▸ **WHAT YOU HAVE TO DO**:
Look through the material below. Return exactly the lines from the one with "Gestuelle Belted Short" through the one with "Automatische kaartenmixer, automatische", both included.

▸ **SOURCE MATERIAL**:
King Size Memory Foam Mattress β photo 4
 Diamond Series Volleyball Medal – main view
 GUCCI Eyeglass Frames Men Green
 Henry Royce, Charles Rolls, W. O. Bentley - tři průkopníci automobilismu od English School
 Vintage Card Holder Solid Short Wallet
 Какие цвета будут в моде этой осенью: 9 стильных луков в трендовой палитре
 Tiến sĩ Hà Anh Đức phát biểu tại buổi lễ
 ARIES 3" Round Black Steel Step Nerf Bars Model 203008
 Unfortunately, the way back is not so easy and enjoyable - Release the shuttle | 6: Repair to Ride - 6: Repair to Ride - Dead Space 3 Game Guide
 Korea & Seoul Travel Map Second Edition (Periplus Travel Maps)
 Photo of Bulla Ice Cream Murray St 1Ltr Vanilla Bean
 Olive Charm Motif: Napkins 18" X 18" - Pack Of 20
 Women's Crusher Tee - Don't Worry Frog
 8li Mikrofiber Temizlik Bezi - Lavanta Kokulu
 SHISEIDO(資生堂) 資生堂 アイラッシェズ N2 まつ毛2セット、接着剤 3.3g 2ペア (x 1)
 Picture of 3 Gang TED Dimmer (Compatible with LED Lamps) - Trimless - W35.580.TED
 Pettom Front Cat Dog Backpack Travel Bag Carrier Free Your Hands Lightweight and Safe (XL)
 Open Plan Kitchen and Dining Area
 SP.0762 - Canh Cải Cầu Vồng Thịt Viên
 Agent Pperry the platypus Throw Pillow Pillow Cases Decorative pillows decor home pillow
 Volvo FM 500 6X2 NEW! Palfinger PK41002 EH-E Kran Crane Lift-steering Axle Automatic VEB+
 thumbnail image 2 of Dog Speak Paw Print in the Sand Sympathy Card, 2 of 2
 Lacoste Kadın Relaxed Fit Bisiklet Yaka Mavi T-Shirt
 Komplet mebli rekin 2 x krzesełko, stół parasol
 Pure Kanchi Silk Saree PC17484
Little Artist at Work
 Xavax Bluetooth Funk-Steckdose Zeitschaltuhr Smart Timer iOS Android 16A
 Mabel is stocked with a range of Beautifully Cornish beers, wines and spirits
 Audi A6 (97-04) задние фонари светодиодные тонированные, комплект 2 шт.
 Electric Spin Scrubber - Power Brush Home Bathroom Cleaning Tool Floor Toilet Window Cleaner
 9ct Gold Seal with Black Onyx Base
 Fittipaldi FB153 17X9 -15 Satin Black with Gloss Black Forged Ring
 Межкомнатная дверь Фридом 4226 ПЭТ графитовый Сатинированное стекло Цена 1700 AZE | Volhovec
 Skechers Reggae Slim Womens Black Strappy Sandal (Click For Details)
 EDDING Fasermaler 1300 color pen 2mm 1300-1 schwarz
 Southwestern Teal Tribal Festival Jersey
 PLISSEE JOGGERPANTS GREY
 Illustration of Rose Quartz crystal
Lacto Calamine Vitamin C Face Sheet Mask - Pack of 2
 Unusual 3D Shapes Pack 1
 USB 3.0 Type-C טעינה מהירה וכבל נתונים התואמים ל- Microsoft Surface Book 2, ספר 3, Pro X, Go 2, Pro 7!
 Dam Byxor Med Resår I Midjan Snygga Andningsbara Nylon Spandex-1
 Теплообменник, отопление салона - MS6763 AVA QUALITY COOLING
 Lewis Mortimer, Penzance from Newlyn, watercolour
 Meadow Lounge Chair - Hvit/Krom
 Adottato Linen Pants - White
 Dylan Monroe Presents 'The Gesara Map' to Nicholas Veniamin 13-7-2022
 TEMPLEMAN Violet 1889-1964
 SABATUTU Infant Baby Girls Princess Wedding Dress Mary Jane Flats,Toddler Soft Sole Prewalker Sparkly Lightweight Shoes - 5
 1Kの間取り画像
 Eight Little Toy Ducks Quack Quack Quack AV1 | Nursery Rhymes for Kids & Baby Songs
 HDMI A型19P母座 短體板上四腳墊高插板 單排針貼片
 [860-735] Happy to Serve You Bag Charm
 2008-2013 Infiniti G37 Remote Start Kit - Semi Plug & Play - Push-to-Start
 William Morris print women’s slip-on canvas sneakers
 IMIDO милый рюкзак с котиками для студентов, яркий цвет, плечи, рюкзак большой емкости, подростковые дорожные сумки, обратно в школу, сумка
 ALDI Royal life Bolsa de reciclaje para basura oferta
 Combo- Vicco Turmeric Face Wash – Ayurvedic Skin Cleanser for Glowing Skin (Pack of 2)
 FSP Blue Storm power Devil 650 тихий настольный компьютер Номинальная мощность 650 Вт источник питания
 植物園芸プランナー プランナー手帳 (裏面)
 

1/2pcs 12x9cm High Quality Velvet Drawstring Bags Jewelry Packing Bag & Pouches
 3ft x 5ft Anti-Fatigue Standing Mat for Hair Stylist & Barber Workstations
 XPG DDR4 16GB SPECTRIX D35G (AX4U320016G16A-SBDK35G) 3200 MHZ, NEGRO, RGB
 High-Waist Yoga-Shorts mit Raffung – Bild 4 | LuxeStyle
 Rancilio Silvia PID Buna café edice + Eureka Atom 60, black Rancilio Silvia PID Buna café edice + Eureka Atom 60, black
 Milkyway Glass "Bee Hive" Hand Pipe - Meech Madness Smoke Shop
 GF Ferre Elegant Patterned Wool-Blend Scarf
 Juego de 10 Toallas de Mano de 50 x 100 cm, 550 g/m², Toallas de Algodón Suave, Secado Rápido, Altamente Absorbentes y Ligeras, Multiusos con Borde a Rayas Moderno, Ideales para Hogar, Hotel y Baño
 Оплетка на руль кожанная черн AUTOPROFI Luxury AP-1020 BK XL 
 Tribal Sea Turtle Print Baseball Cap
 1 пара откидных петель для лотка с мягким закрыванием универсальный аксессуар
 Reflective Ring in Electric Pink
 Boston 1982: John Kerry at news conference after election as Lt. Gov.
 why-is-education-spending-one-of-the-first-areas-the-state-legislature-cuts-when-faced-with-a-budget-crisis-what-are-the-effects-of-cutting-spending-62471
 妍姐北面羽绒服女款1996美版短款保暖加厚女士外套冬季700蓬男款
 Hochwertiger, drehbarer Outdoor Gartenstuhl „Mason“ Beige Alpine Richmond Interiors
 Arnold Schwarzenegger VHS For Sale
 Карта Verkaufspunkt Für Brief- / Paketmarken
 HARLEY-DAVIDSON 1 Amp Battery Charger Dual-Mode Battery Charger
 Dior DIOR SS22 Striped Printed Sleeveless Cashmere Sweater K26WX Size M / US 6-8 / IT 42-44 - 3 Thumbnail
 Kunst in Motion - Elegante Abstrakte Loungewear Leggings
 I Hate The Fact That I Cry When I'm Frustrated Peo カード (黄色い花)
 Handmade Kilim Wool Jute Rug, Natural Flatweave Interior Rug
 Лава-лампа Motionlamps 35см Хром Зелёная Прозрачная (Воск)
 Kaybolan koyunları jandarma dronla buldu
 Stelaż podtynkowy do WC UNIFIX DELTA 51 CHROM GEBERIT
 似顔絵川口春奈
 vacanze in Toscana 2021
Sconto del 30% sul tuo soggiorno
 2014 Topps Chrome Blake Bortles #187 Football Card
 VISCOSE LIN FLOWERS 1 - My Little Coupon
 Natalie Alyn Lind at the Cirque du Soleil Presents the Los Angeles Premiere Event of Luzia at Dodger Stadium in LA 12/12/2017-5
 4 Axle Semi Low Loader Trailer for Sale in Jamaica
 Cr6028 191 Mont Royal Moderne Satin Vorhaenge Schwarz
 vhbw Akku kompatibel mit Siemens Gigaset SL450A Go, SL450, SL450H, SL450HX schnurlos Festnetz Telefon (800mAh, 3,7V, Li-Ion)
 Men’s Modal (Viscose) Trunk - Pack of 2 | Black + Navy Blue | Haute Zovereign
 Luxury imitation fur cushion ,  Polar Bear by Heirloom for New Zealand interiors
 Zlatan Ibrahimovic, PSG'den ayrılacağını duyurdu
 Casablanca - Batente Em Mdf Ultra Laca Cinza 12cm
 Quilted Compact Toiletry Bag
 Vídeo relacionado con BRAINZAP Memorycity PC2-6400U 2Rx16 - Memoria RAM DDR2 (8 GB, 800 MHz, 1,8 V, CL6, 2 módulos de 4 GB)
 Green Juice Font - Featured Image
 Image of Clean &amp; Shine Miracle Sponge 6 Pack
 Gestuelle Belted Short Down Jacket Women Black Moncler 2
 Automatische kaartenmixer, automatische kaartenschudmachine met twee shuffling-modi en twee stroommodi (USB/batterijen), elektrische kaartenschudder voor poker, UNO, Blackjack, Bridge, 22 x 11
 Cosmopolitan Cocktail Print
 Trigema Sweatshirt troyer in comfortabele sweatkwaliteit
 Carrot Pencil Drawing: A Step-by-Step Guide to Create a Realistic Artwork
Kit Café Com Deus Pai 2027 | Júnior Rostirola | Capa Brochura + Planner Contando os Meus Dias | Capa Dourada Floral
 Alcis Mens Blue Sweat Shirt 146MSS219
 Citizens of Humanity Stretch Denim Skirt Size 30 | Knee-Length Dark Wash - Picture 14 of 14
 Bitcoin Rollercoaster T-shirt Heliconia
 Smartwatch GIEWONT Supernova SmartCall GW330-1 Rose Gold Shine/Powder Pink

▸ **EXPECTED OUTPUT**:
 Gestuelle Belted Short Down Jacket Women Black Moncler 2
 Automatische kaartenmixer, automatische kaartenschudmachine met twee shuffling-modi en twee stroommodi (USB/batterijen), elektrische kaartenschudder voor poker, UNO, Blackjack, Bridge, 22 x 11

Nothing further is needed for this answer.